La crise de 1846-47 aggrave la condition ouvrière en provoquant un chômage massif, ce qui conduit à la création d’ateliers nationaux pour répondre à la demande d’un partage plus équitable des richesses.
Droit de vote des femmes
La revendication du droit de vote des femmes consiste à leur permettre de participer aux élections et à la vie politique. Cependant, lors de la Seconde République, cette revendication leur est refusée, malgré leur engagement dans d'autres luttes sociales.
Droit de divorcer
La demande de droit de divorcer vise à permettre aux femmes de mettre fin légalement à un mariage. La Seconde République refuse également cette revendication, limitant leur émancipation juridique.
Émancipation féminine
L’émancipation féminine désigne la lutte pour l’égalité des droits entre femmes et hommes, notamment en matière de vote et de divorce. Dans le contexte de la Seconde République, cette émancipation est revendiquée mais non reconnue.
Seconde République
Période politique en France (1848-1852) caractérisée par une tentative de réforme démocratique, mais qui exclut les femmes de leurs revendications politiques et sociales, notamment en matière de droits civiques et politiques.
Les femmes réclament le droit de vote et le droit de divorcer, mais la Seconde République leur refuse ces droits. Leur revendication s’inscrit dans un contexte plus large de lutte contre les inégalités sociales issues de l’industrialisation. La revendication féminine s’inscrit aussi dans une dynamique de lutte contre l’exclusion politique et sociale, mais elle reste sans réponse favorable lors de cette période. La revendication féminine s’inscrit dans un mouvement plus large de contestation des inégalités sociales, notamment celles liées à l’industrialisation et à la condition ouvrière.
Malgré leurs revendications d’émancipation, les femmes sont exclues des avancées politiques durant la contexte de la Seconde République, illustrant leur marginalisation dans le processus de réforme démocratique.
Parti de l'ordre : regroupement des républicains modérés et monarchistes qui cherchent à instaurer une politique conservatrice et répressive pour maintenir l’ordre face aux mouvements ouvriers et sociaux. Il vise à limiter les aspirations de la République sociale.
Républicains modérés : acteurs politiques favorisant une République stable, souvent opposés aux revendications sociales et ouvrières, prônant une gouvernance conservatrice et répressive.
République sociale : conception de la République qui inclut des revendications sociales et ouvrières, telles que le droit de vote, le droit de divorcer, et la critique des inégalités issues de l’industrialisation. Elle est contestée par le Parti de l’ordre.

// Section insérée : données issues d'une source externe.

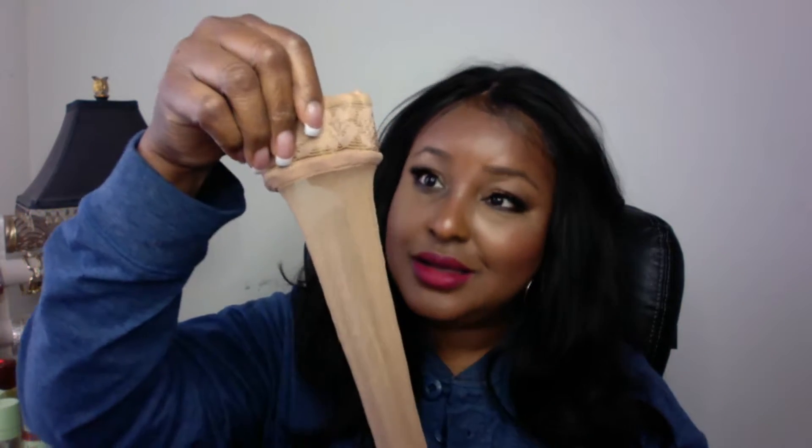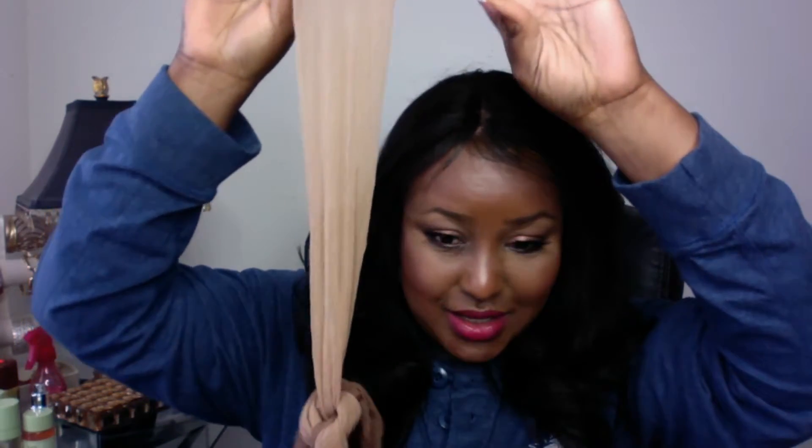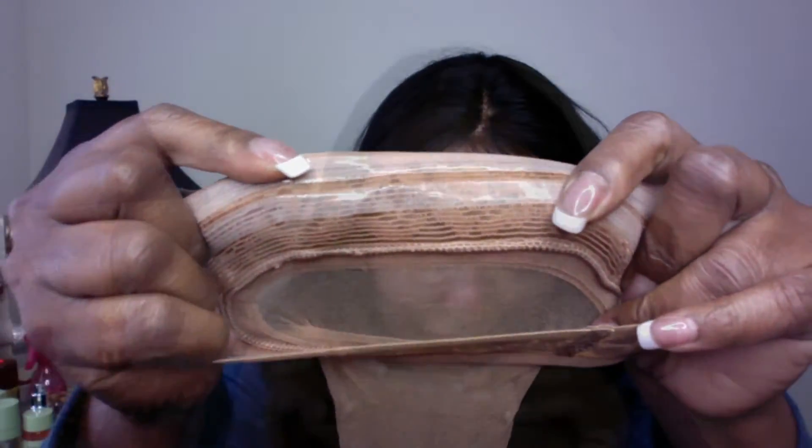So what I did was I went out and I purchased some thigh highs. These are just your regular everyday thigh high stockings. And what I noticed is this thigh high piece comes with silicone. This is what the silicone looks like — it's very rubbery. It's not sticky, but it does cling to your skin.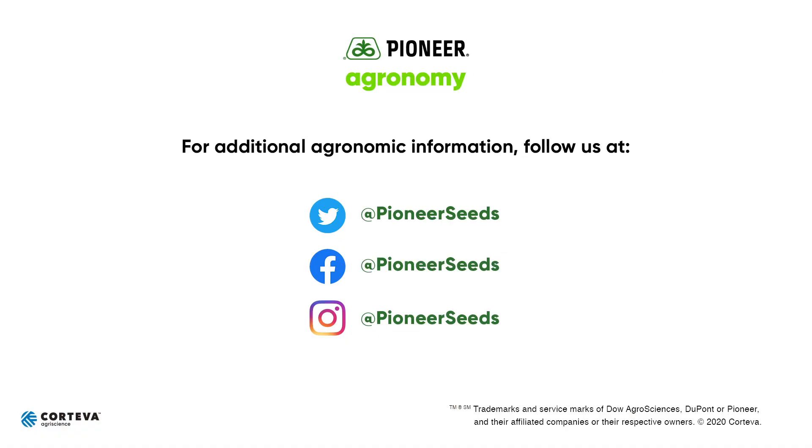That concludes this Pioneer Agronomy video podcast. Visit our page on Pioneer.com and follow us on Twitter and Facebook for more agronomy insights.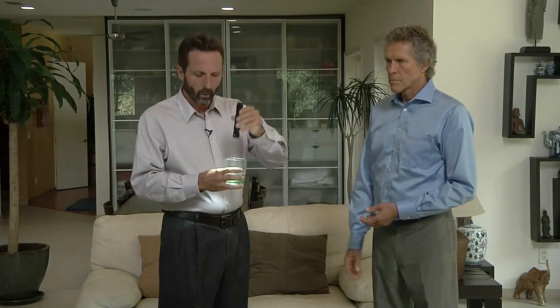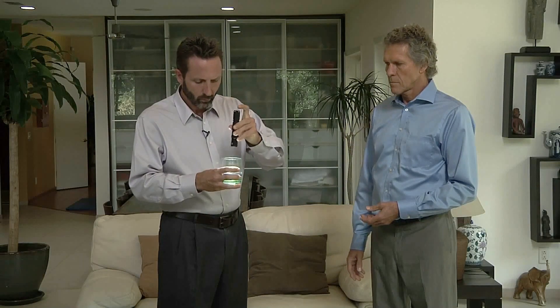Now what I'm gonna do is take the 1-3, turn it on, and just run the light over it for two seconds — one, two — then I'm gonna give him back the glass of water and let's see what the body says now about this water.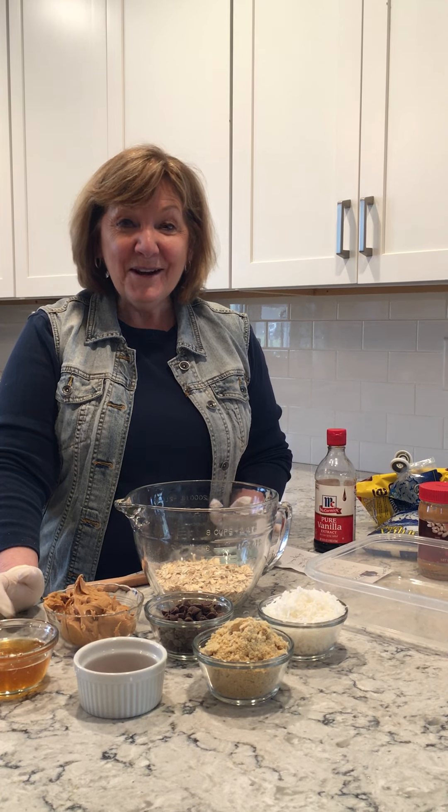Hi, my name is Charlene Ware and I'm the culinary medicine educator at SIU Med School. I'm here to show you how to make something fun that you can do with your kids — it's a great activity plus it's something healthier than a cookie.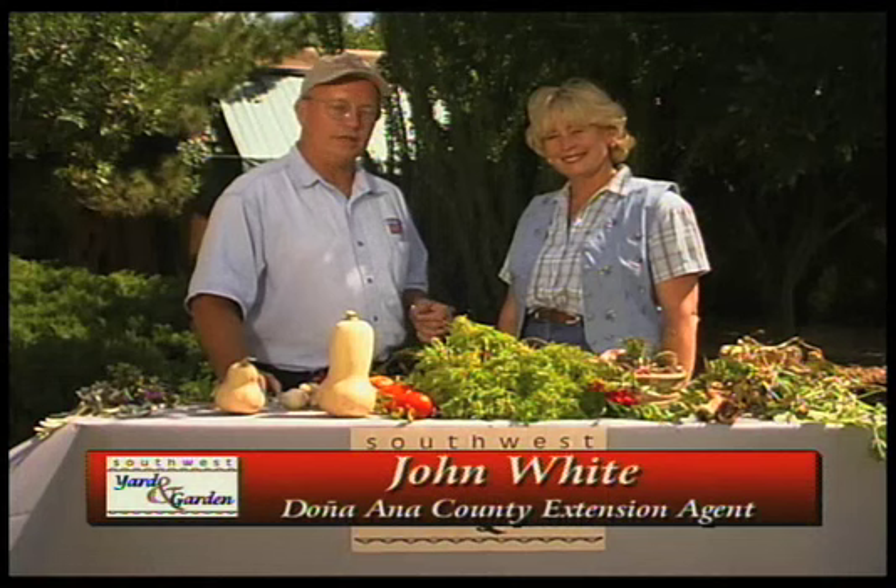I'm John White. With me today is Teddy Peters. Teddy is a master gardener here in Dona Ana County. What have you brought for us today?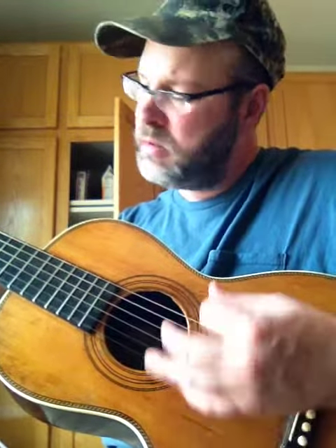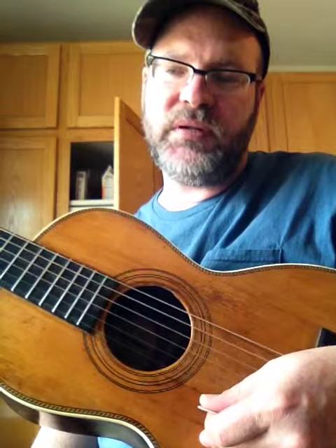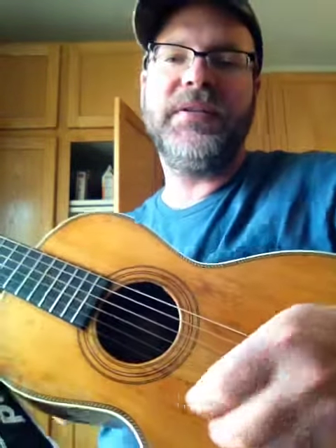Here we go. Rise up this morning, smile with the rising sun. Three Little Birds pitched by my doorstep, singing sweet songs, melody pure and true, singing this is my message to you. Don't worry, cause every, cause every little thing gonna be alright.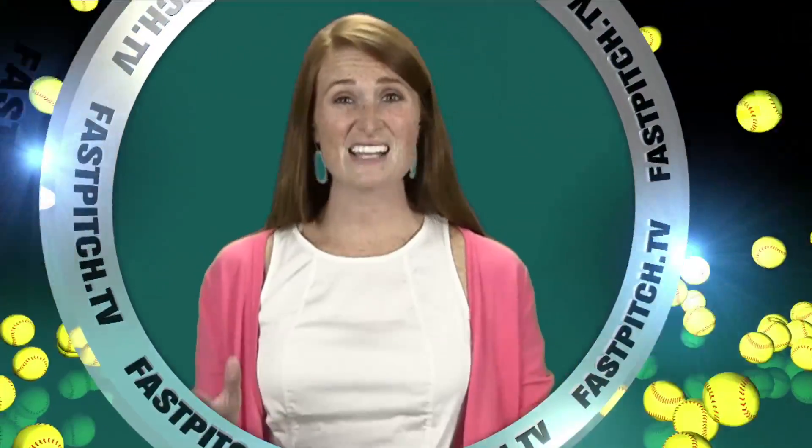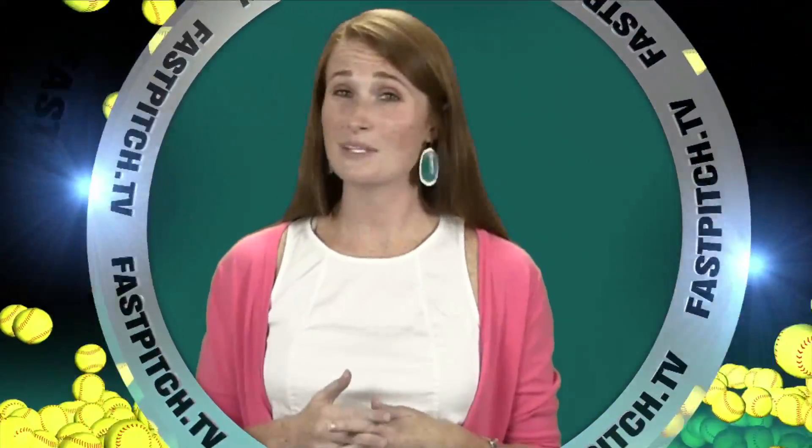This show is a member of the Fast Pitch TV network. See all of our shows and blogs at www.fastpitch.tv.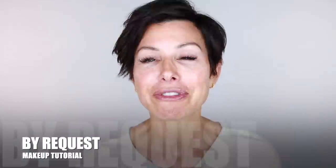It's a by-request makeup tutorial from last week's video when I shared what I packed and traveled with on my last vacation. So many of you commented on the makeup look and on the hair color, so I wanted to share both of those.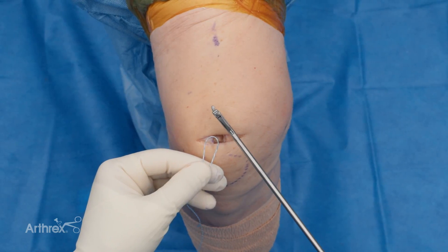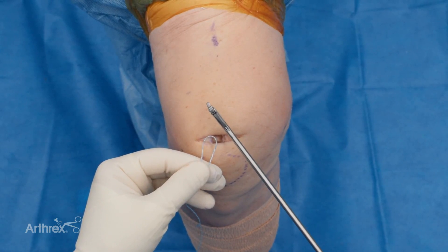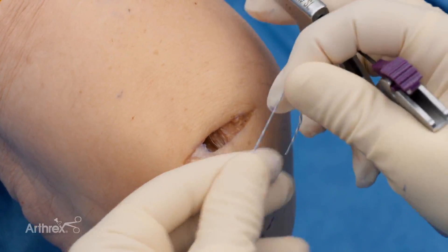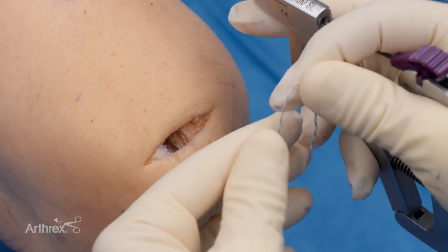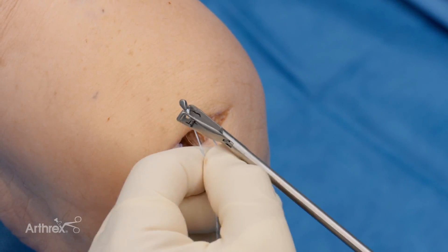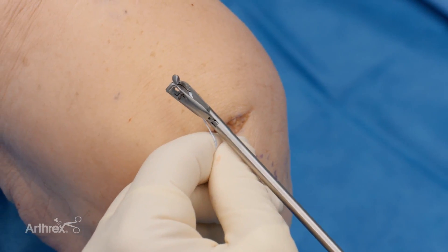I think most everybody's familiar with the scorpion. In this case, I'm using the FastPass Scorpion, and this is our fiber link. You'll take the free end of the suture, you'll double it over, and just load it into the slot in the actual device, and pull it all the way to the base of the slot.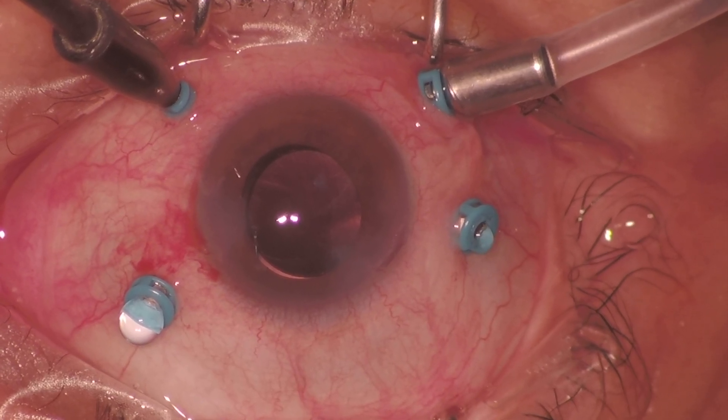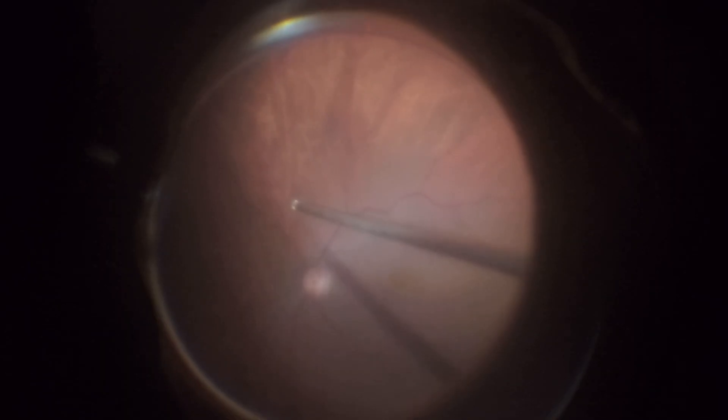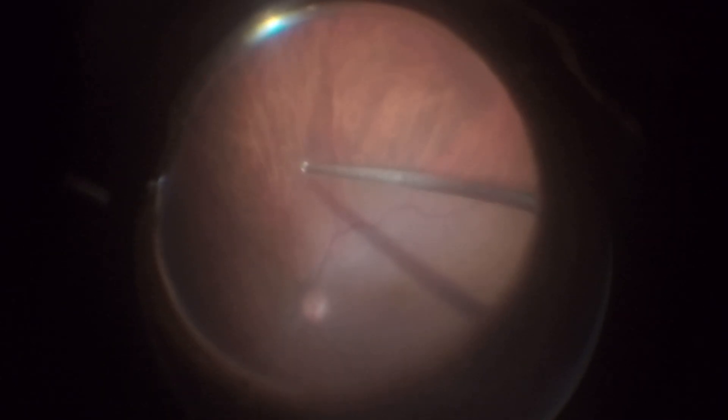In this case, shared by Dr. Felipe Lucado from Salvador, Brazil, we observe a pars plana vitrectomy performed on a 50-year-old woman with an idiopathic extra-large macular hole, as classified by the CLOSE study. The surgery was planned with the use of the inverted internal limiting membrane flap technique.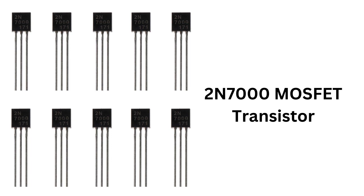The 2N7000 is an N-channel enhancement mode MOSFET — metal oxide semiconductor field effect transistor — that is widely used in electronic circuits. It is a voltage-controlled device that is commonly used for switching and amplifying electronic signals.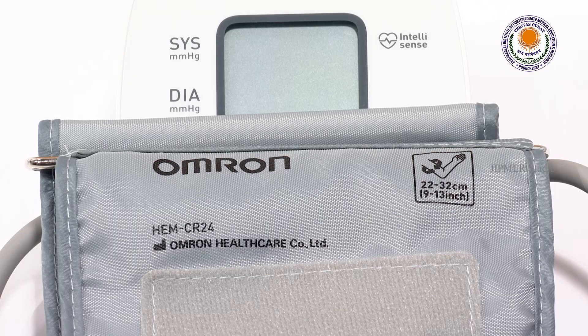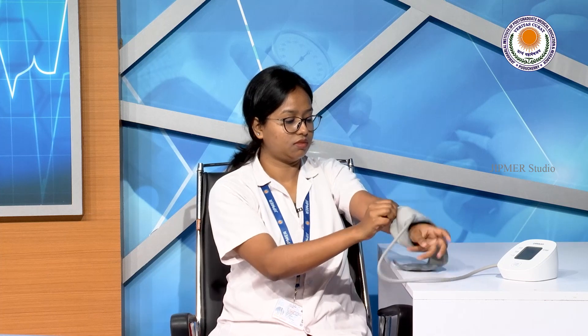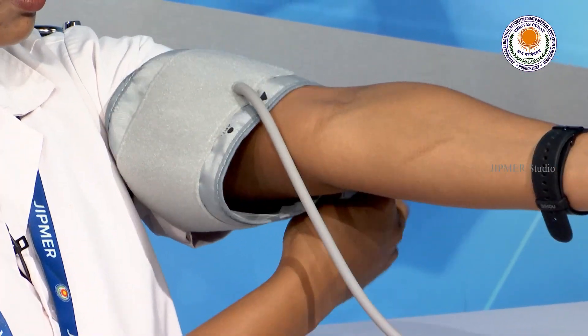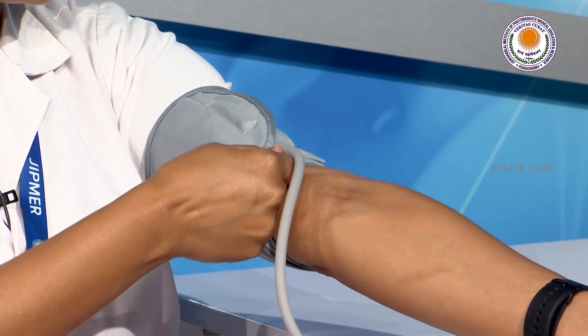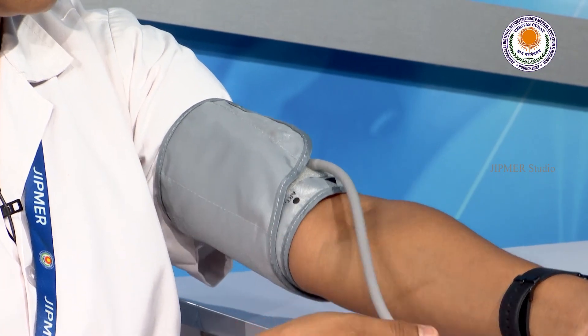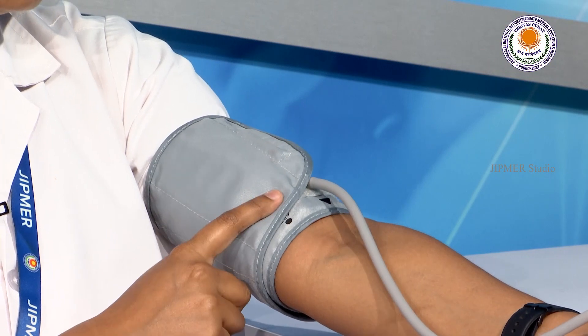Make sure that you are using an appropriate cuff size based on your mid-arm circumference. To check your blood pressure, place the cuff 2 to 3 centimeters above your elbow level. Keep your hand relaxed while checking your blood pressure. You can use two fingers to measure the distance above the elbow joint. The sensor of the cuff should be over the line of the artery, and the cuff should not be too tight or too loose.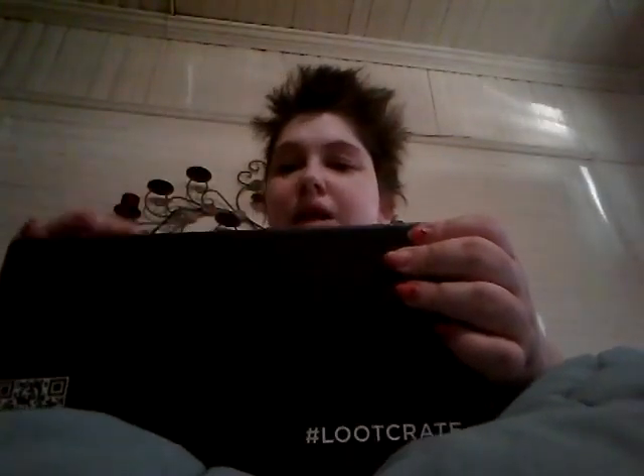Hi everybody, it's me. I have my Loot Crate box up here. Loot Crate, Loot Crate. Let's get it open. In this month's box, we get a pin and stuff — we get that every month.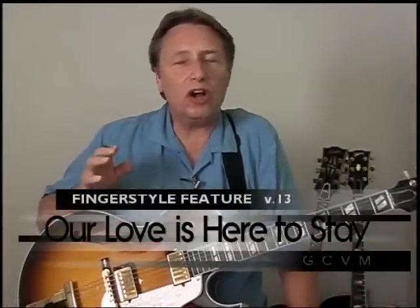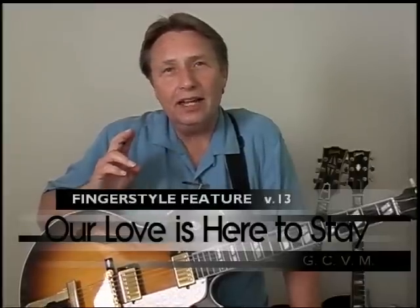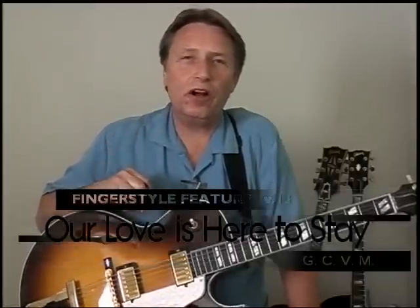In this fingerstyle feature, we're going to cover the Gershwin classic, Our Love Is Here to Stay. This song was probably written way before you were born, and it'll be around long after you're gone. So it's worth your time to learn this tune. Let's get into it.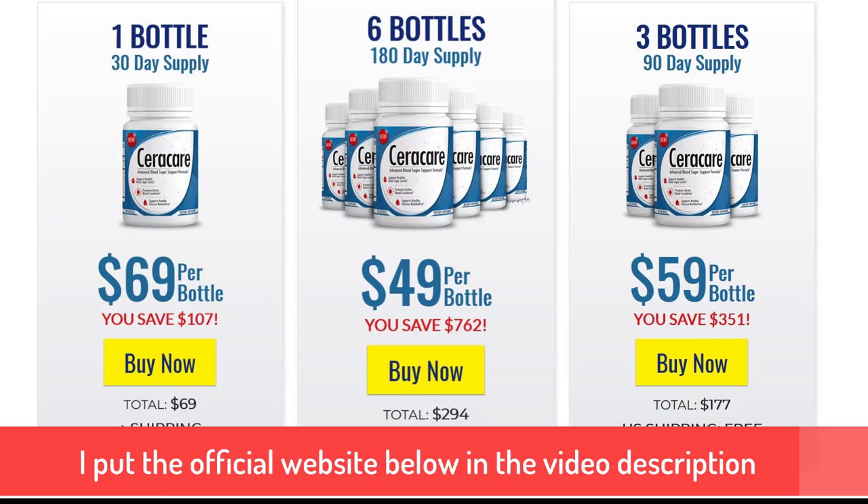Alpha-lipoic acid I think was part of Tim Ferriss' fat-burning non-stimulant stack back in the day — kind of funny. And then we have juniper berry, white mulberry leaf, L-taurine, cayenne pepper, licorice root, and a few other leaf extracts as well.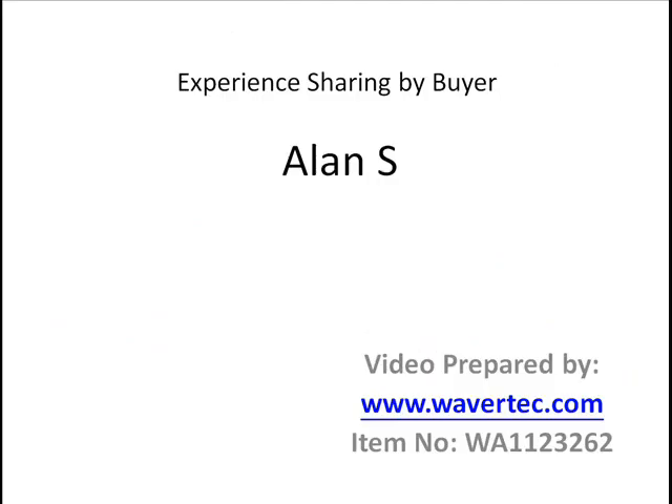We want to thank NMS, our buyer, for sharing this information with us. We are wavertec.com. If you are interested in the above item, the item number is WA1123232 and you can find it on our website.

Les républicains modérés et monarchistes se regroupent sous le nom de Parti de l’ordre, dont l’objectif est d’imposer une politique conservatrice. Leur action se traduit notamment par la suppression des ateliers nationaux, qui étaient un symbole de la République sociale et des aspirations ouvrières. Cette suppression marque une rupture claire avec le mouvement ouvrier et ses revendications sociales. En réponse, des ouvriers se soulèvent lors des journées de juin (22-26 juin 1848), en mettant en place des barricades. Le gouvernement, sous la direction du général Cavaignac, intervient violemment, ce qui entraîne un massacre et marque la fin de l’esprit révolutionnaire de 1848.
La fracture entre la République et le monde ouvrier se manifeste par la confrontation entre les aspirations sociales des ouvriers et la volonté conservatrice du Parti de l’ordre, qui privilégie la répression pour maintenir l’ordre établi.
Politique conservatrice : Politique visant à préserver l’ordre traditionnel et à limiter les avancées sociales ou républicaines, souvent par la répression des mouvements sociaux. Elle cherche à maintenir le statu quo face aux revendications populaires ou révolutionnaires.
Répression sociale : Action de réprimer violemment les mouvements ouvriers ou sociaux contestataires, afin de maintenir l’ordre établi. Elle se traduit par l’usage de la force contre les manifestants ou les insurgés.
Coalition monarchiste-républicaine : Alliance politique regroupant des monarchistes et des républicains modérés, unis autour d’un objectif commun de maintien de l’ordre conservateur et de répression des mouvements sociaux.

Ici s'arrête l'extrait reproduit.